Braithwaite’s Cursed Daughters is about intergenerational trauma and female kinship. The Falodun family have been cursed for generations, since an ancestor’s affair with a married man provoked the vengeful wife to declare that the woman and her female descendants would never prosper in love: “men will be like water in their palms.” Setting her story between 1994 and the present day, Braithwaite braids together the fates of three women bound by the curse.
A young woman must shake off a family curse, and widely held belief that she is the reincarnation of her dead cousin in this wickedly funny, brilliantly perceptive novel about love, female rivalry, and superstition from Braithwaite whose first novel, My Sister, the Serial Killer ( 2018), was longlisted for the Booker Prize, shortlisted for the Women’s Prize for Fiction, and won the 2020 Crime and Thriller Book of the Year category at the British Book Awards.
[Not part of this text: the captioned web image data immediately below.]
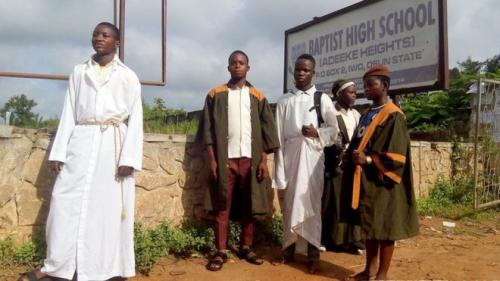 Christian students wore religious clothes over their school uniforms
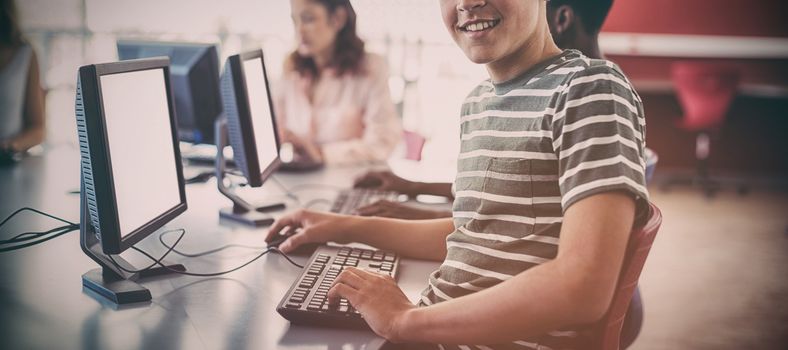 Portrait of student using computer in classroom at school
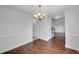 Dining room area showcasing hardwood floors, decorative molding, and a charming chandelier at 641 Morningside Dr, Stockbridge, GA 30281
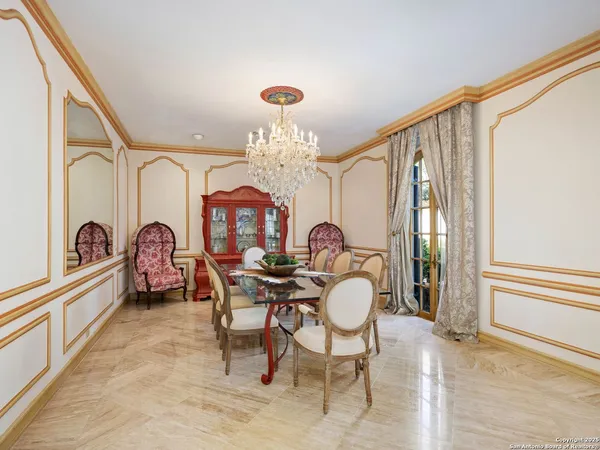 a view of a dining room with furniture and chandelier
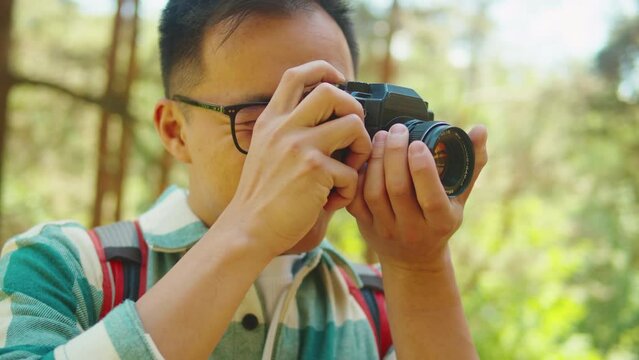 Asian man taking photo in forest, tourist photographer using camera , safe travel and explore, walking hiking tours. Traveling and hiking alone. Summer tourism, wild nature. 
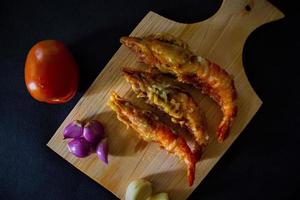 fried shrimp served with tomatoes, shallots, garlic with cutting board on black background photo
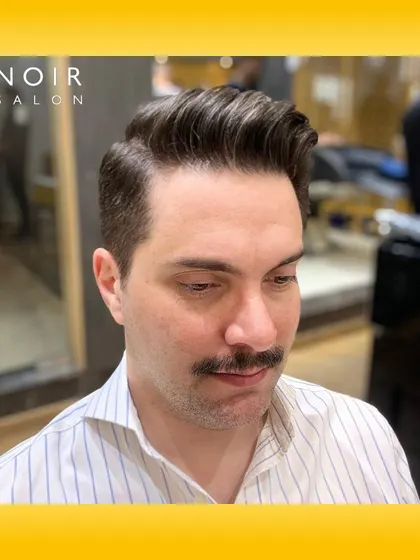 The classic pompadour is timeless for a reason. This style requires precision in both the fade and the styling on top to create that signature volume and clean side part. It’s a sophisticated look for any modern gentleman.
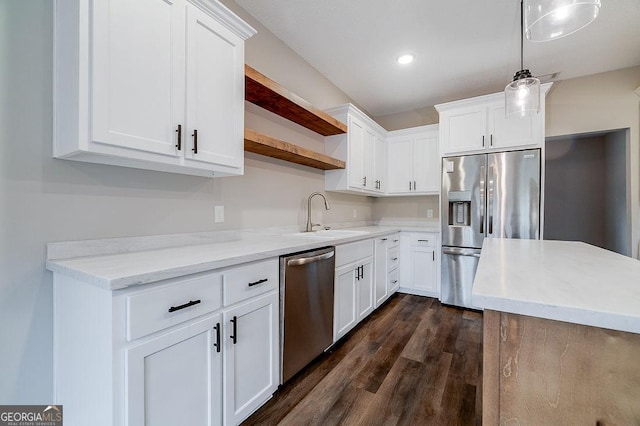 kitchen featuring appliances with stainless steel finishes, decorative light fixtures, white cabinetry, and sink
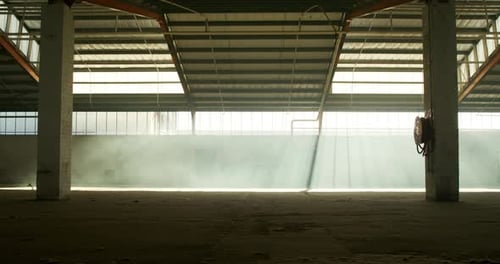 An empty warehouse with smoke grenade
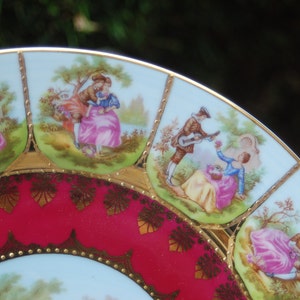 Peut inclure: Une assiette en porcelaine vintage avec un bord rouge et or. L'assiette pr&eacute;sente un motif bleu et blanc de couples dans un jardin.
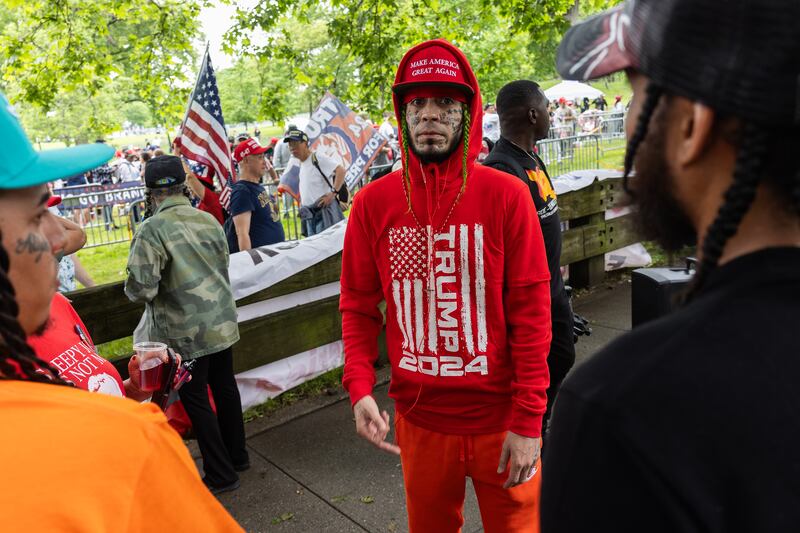 Supporters of former President Donald Trump gather at the entrance of the Trump campaign rally.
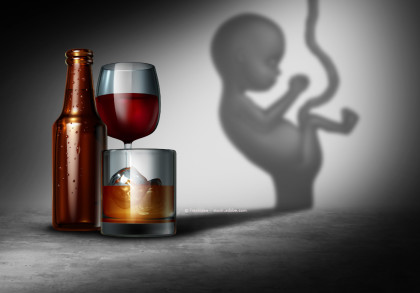 Ein braunes Bierflasche, ein Glas Rotwein und ein Glas Whiskey mit Eiswürfeln stehen auf einem betonartigen Untergrund. Die Flasche und Gläser werfen einen Schatten in Form eines Fötus an die Wand im Hintergrund.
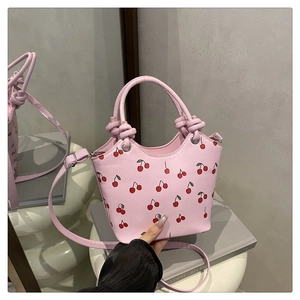 Detail of pink cherry print tote bag featuring a knotted handle and metal ring accents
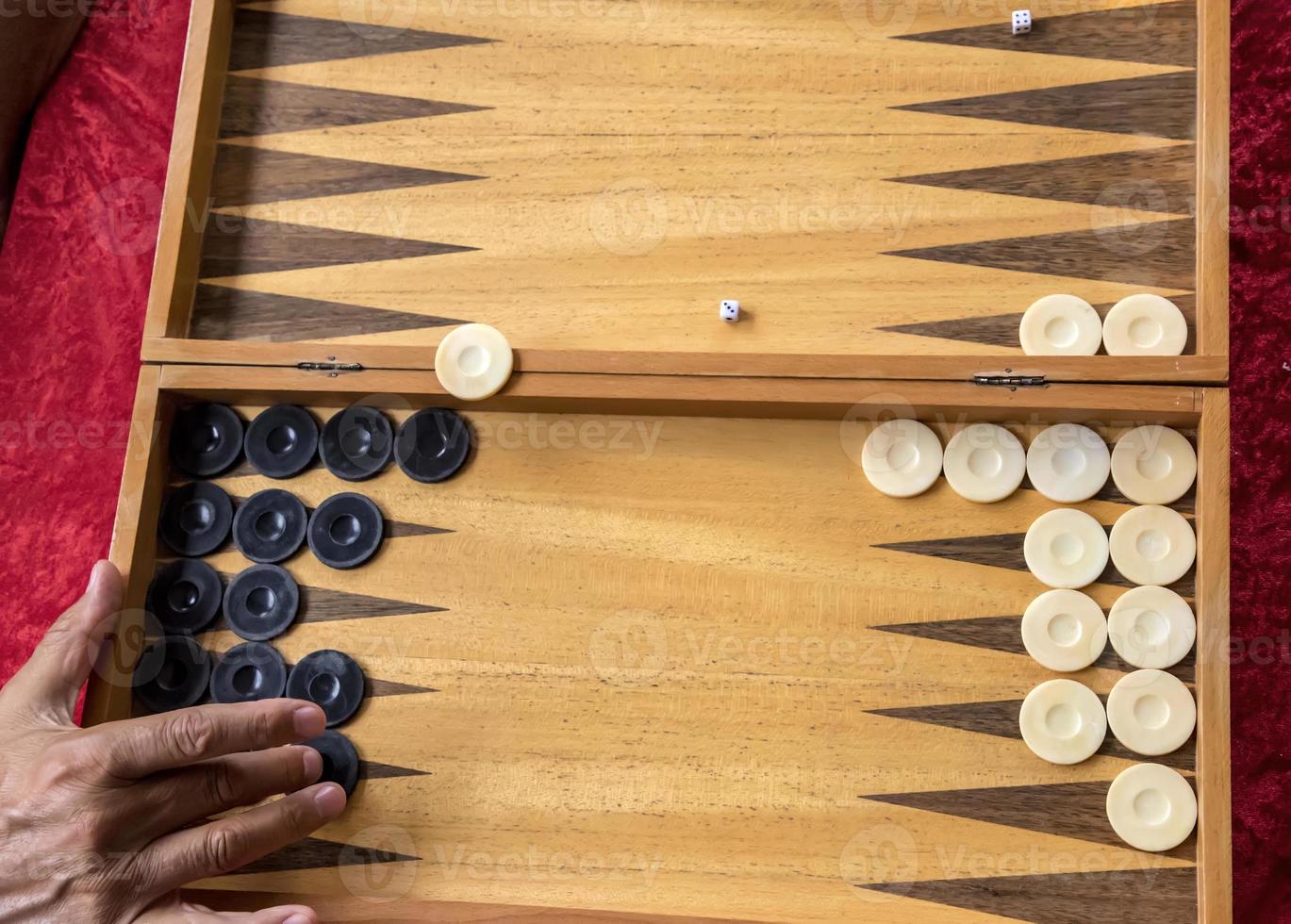 a man moves a pool in a backgammon game photo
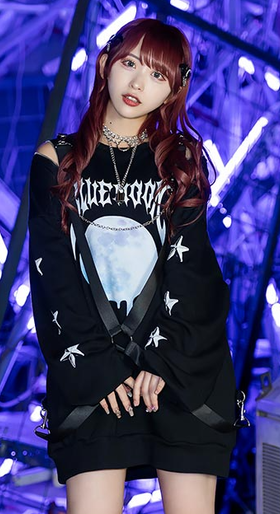 A woman wearing a Listen Flavor black pullover t-shirt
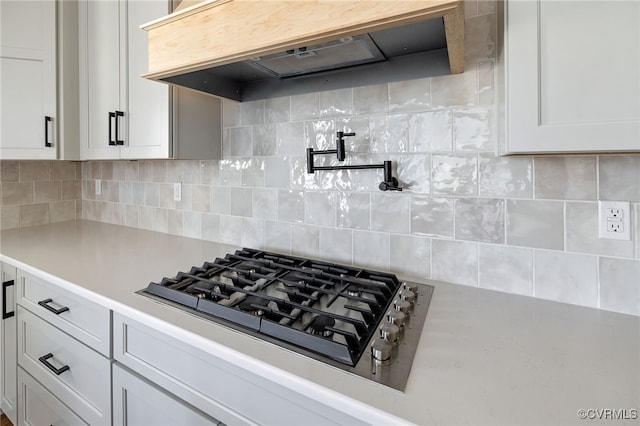 kitchen featuring white cabinetry, gas stovetop, backsplash, and premium range hood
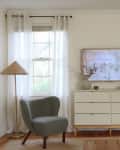Living room with white walls, tall windows with white curtains, white dresser under TV instead of media console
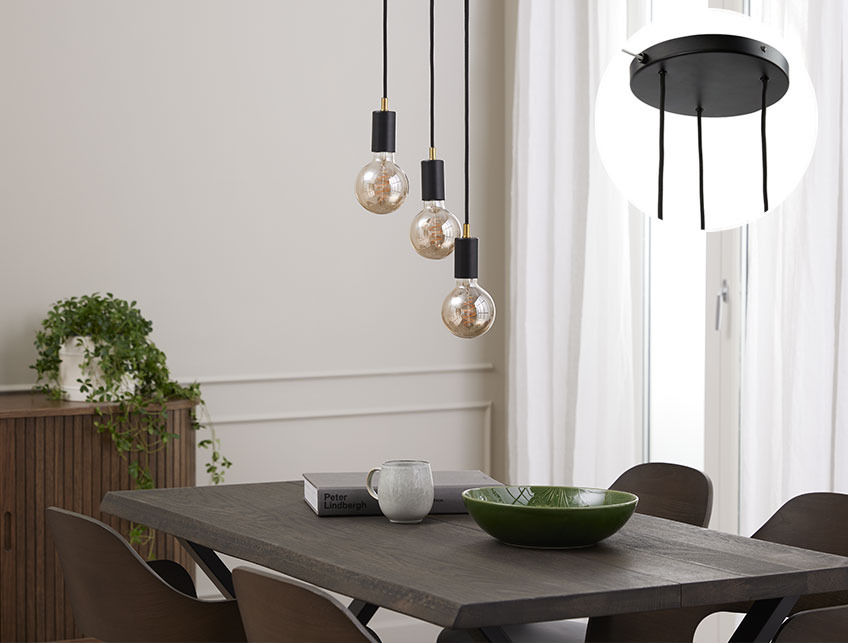 MAGNAR pendant light with TORE light bulbs Black pendant light with large light bulbs above a dinner table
Cursed Daughters opens with Monife’s suicide by drowning, and reconstructs what led to her death and how her cousin Ebun was implicated in her decision. After the Funeral Ebun gives birth to Eniiyi, whose startling resemblance to the deceased prompts several family members to believe she is her reincarnation. The Falodun woman may rule the roost at home, but they must navigate a patriarchal society. Abandoned by fathers, betrayed by lovers, they repeat the same mistakes. After Bunmi, Monife’s mother, is left by her husband, she returns to Nigeria with her two children and seeks out the dubious skills of spiritual healer and herbalist Mama G to “clear his eye” and win him back, “despite the fact that he had a new wife and two children under five, shacked up in what used to be their London home”.
When Eniiyi falls in lovewith the handsome boy she saves from drowning, she can no longer run from her family’s history. As several women in her family have done before, she ill-advisedly seeks answers in older, darker spiritual corners of Lagos, demanding solutions. Is she destined to live out the habitual story of love and heartbreak? Or can she break the pattern once and for all, not only avoiding the spiral that led Monife to her lonely death, but liberating herself from all the family secrets and unspoken traumas that have dogged her steps since before she could remember?
The characters of Cursed Daughters asks us what it means to be given a second chance and how to live both wisely and well with what we’ve been given.
Cursed Daughters by Oyinken Braithwaite, Atlantic Books £18.99/ Penguin Random House $29, 384 pages.